Of course, customers want to prove for themselves that not only is the code ok, but the systems are practical to use. Customers have championed ever increasing clever ways of doing their tests. There are other types of tests to check the performance and reliability of the system, which relates to the quality of the design rather than code. “Did we get the performance and speed right under large volumes, etc.? How will the system react in a power failure situation?” are typical questions they ask.
Testing has become an institution! At last count I found sixteen test types, under various categories:
· Function: Does the system do what we specified it should do?
· Volume: Can all parts of the system cope with the maximum data volumes we expect?
· Security: Do only those actors who we expect to access the system, get access?
· The user interface issues like wizards, consistency, documentation, aesthetics, etc.
· Stress test: Extreme workloads, low memory, unavailability of services and hardware.
· Structure testing: Looks for orphaned code, all links connected, internal structure, etc.
· Integrity: Resilience to failure
· Load testing: Checks performance under various operational loads on the system.
· Performance profiling: Looks for bottlenecks and inefficient processes.
· Benchmarking: Tests this system against a known reference system.
· Contention tests: Tests that multiple actors’ demands on one resource can cope.
· Alpha and beta tests by customers to see it’s acceptable to use live.
· Test design and test execution at the same time.
· Installation: Testing software installs under different situations of low space, etc.
· Configuration: Different software configurations on different hardware
· Making sure fail-over procedures work, backups recover, etc.
Testing tools have evolved. Test automation and tools have also progressed in leaps and bounds over the last five years. There are all sorts of testing tools that test for different aspects of the systems quality:
· Performance tools
· Data generation tools
· Simulator tools
· Test managing tools
· Quality tools
· Coverage tools
· Black box and white box tools
· Record / playback tools
The processes have evolved:
· Besides the tools, the processes have grown and evolved. New techniques have been added into the equation:
· One break through was the rational unified process [RUP 02] putting testing on the map as its own specialized discipline.
· Proper testing tools have emerged over time, in the various categories mentioned above, to help automate the testing process.
XP [XP 02] with its code the test first brings a lot of great ideas into play:
· It is a fantastic way of getting the developers to take responsibility for writing good quality code. The tests are written before the code is even written. So all the issues are fresh in the developers mind.

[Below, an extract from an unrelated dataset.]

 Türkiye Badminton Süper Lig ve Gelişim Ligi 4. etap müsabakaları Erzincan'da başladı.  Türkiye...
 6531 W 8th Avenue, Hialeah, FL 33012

· JUnit [JUN 02], Mock Objects [MOC 01] and the like, in the Java world, have brought whole testing components into view and therefore quality into consideration. This has begun to force quality into the code directly at source. Excuse the obvious pun.
· By writing built in test scripts also means that you build up a great library of regression tests that can be run regularly to prove the build, immediately after doing the build.

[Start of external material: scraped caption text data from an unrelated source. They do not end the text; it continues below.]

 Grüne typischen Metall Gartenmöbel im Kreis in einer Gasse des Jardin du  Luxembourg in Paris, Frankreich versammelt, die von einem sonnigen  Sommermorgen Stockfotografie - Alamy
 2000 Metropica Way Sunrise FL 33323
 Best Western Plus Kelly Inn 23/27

· The concept of continuous building with a blame log of who broke the code to keep people on their toes. The recency aspect of each issue also critical to sorting out problems quickly.
If you look back at the older waterfall methodology, you’ll notice that all the requirements gathering was completed up front and most all of the testing tended to be done right at the end. Often, by then, much of the time was spent trying to get the build to integrate properly. Generally only after some time had elapsed, would the testers get to actually start testing any functionality. Often testers ran out of time and budget long before the testing was completed or even full coverage obtained. Pressure from the business and project managers to get the software released often forced them to release areas they had not tested or were not comfortable with releasing.
With the newer ideas and concepts that have evolved in the last few years, Requirements roles have shifted to the right from everything being done up front to spreading the workload from the project beginning right towards the end of the project.
The same principle is also true of the testers, who have shifted to the left from the far end of the development life-cycle to being involved from the Inception of the project, throughout the software development lifecycle, until the transition into actual live running environment.
So Where Are the Links?
The size of your project will depend upon how the requirements processes are configured. Typically large projects will need comprehensive requirements documents, not only to accommodate the quantities of information but also to help manage change and prioritization, so this paper talks to that larger development project situation.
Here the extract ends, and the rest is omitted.